Value = Benefits - Costs
This can be roughly translated to three levels of project success:
1) Project delivery success: Will the project delivery be successful? Essentially, this assesses the classic triangle of scope, time, and budget. These are your costs.
2) Product or service success: This refers to when the product or service is deemed successful (e.g., the system is used by all users in scope, up-time is 99.99 percent, customer satisfaction has increased by 25 percent, and operational costs have decreased by 15 percent). These are your benefits.
3) Business success: This has to do with whether the product or service brings value to the overall organization, and how it contributes financially and/or strategically to the business’s success. This is your value.
Overall, a successful project depends on the combination of these criteria. Some argue that product/service success is the same as business success, or argue that product/service success automatically means business success. But this is not true. See “Product or Service Success Does Not Automatically Mean Business Success” for more on this topic.

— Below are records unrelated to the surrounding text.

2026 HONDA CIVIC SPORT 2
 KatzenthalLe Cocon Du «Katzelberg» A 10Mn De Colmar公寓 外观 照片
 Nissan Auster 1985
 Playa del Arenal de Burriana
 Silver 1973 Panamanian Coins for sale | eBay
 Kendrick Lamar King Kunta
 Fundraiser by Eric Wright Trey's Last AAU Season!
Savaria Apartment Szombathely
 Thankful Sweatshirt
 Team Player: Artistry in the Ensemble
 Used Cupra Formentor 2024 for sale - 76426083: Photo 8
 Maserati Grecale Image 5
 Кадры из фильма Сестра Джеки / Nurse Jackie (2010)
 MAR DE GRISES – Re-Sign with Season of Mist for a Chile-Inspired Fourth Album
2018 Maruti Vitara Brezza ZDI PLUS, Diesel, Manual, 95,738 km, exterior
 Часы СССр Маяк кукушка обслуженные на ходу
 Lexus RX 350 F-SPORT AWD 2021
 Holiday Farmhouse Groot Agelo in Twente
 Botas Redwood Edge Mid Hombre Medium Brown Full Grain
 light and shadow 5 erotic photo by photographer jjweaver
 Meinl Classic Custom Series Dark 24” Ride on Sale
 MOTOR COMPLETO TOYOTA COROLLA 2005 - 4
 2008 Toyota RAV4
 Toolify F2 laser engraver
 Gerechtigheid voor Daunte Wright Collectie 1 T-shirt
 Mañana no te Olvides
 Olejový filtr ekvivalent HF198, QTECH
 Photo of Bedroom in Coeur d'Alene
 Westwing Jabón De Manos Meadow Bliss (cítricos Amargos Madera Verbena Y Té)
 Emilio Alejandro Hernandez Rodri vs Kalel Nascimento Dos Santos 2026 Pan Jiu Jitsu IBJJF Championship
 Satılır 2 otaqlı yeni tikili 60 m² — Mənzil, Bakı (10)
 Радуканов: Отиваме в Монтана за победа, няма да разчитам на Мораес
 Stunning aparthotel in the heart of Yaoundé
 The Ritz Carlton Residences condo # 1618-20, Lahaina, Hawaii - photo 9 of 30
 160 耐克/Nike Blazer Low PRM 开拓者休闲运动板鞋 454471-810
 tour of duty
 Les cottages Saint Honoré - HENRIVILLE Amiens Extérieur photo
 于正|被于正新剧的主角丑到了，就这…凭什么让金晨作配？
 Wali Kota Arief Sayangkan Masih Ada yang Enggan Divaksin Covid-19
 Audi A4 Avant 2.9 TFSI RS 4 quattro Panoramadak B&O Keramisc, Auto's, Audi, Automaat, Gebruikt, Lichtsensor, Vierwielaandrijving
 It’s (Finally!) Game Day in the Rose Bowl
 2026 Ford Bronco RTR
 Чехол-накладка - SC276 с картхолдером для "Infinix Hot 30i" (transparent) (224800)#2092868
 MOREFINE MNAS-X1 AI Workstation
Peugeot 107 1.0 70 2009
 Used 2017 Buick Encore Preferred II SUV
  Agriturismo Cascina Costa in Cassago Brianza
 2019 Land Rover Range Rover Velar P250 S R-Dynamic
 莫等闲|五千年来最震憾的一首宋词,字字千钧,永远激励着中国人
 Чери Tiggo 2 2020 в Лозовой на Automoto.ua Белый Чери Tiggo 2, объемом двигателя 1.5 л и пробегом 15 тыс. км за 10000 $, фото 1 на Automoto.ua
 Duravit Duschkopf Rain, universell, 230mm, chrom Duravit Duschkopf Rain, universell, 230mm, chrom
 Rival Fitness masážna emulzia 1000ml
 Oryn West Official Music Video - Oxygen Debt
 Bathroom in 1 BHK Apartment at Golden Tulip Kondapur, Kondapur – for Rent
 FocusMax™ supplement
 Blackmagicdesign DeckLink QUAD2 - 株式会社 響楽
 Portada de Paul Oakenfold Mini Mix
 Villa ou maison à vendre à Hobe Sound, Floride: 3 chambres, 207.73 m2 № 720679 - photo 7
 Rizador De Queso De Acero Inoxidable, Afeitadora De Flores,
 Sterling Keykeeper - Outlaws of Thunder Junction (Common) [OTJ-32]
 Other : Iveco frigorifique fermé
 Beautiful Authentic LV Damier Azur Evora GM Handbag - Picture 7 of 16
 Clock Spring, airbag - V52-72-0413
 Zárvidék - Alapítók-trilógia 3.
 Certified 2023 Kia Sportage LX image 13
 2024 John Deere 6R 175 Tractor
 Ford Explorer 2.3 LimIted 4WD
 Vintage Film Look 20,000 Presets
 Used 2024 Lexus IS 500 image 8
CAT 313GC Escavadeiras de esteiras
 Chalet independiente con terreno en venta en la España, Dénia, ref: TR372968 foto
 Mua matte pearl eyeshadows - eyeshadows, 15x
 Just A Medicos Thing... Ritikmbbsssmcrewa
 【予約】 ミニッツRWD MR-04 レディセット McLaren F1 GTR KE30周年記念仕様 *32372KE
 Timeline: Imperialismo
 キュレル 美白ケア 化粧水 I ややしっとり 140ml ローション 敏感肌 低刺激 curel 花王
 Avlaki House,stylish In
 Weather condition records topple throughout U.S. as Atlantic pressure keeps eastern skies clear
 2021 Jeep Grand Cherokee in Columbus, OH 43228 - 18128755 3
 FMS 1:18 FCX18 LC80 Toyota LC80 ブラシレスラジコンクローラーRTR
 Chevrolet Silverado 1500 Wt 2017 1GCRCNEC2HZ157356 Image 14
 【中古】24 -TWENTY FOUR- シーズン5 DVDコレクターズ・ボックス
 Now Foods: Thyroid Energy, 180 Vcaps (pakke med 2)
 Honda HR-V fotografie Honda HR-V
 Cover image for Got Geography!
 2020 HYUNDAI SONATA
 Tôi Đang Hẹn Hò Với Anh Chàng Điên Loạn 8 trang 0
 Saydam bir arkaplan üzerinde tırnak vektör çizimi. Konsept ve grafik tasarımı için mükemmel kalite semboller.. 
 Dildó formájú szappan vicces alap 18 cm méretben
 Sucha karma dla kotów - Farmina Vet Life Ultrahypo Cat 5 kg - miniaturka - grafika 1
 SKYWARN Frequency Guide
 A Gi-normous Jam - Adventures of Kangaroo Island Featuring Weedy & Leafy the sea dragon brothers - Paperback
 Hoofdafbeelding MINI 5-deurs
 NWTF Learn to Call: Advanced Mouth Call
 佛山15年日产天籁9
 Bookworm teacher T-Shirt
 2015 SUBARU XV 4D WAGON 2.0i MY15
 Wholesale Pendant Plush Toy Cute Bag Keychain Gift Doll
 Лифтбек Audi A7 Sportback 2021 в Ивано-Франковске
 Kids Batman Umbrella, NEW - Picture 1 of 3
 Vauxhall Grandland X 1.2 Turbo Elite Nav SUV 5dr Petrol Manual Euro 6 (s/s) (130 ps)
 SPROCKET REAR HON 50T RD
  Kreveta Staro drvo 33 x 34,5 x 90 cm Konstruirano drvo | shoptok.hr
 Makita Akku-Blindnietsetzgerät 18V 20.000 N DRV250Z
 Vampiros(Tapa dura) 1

When you look at project financials and translate the above to dollars, you can fairly say that a project is a failure if it has a negative value. This means the total of all the benefits is lower than the total costs. See “What Are the Real Costs of Your Technology Project?” for more on this topic.
You can even argue that a project is a failure if the targeted return on investment (ROI) is not achieved. This is because you could have done another project with a higher ROI in the same time with the used resources. See “What Are the Real Opportunity Costs of Your Project?” for more on this topic.
But what you should not forget is that project success and project failure are NOT absolutes. It may not be possible to be a little bit pregnant, but you can be a little bit successful.
Every project has multiple success criteria related to business results, product/service results, and project delivery results (cost, schedule, scope, and quality).
Some criteria are absolute, meaning they must be completed on or before the original planned date, and some are relative, meaning they must be completed by a date acceptable to the client.
Project success is determined by how many of your success criteria are satisfied, and how well.
Whether or not a project is successful also depends on who you ask—
> the very happy project manager that implemented the SAP project as scoped on time and below budget (I know, this will NEVER happen),
> the end-users, who absolutely hate the complexity and slowness of the new system,
> or the COO that has seen IT costs double whilst none of the expected savings materialized.
These stakeholders may all have very different opinions on the success of the project.
Project success also depends on when you ask.
Twelve months after the go-live, the users will have a better grasp of the system and initial performance problems will have been solved. And slowly but steadily, the expected savings will often start to materialize as well.
So in order to determine the success or failure of your project, you should define all the criteria relevant to your project, define how you will measure them, and define when you will measure them.
In a nutshell: In order to determine project success (and, as a consequence, project failure), you must define all the criteria relevant to your project, define how you will measure them, and define when you will measure them.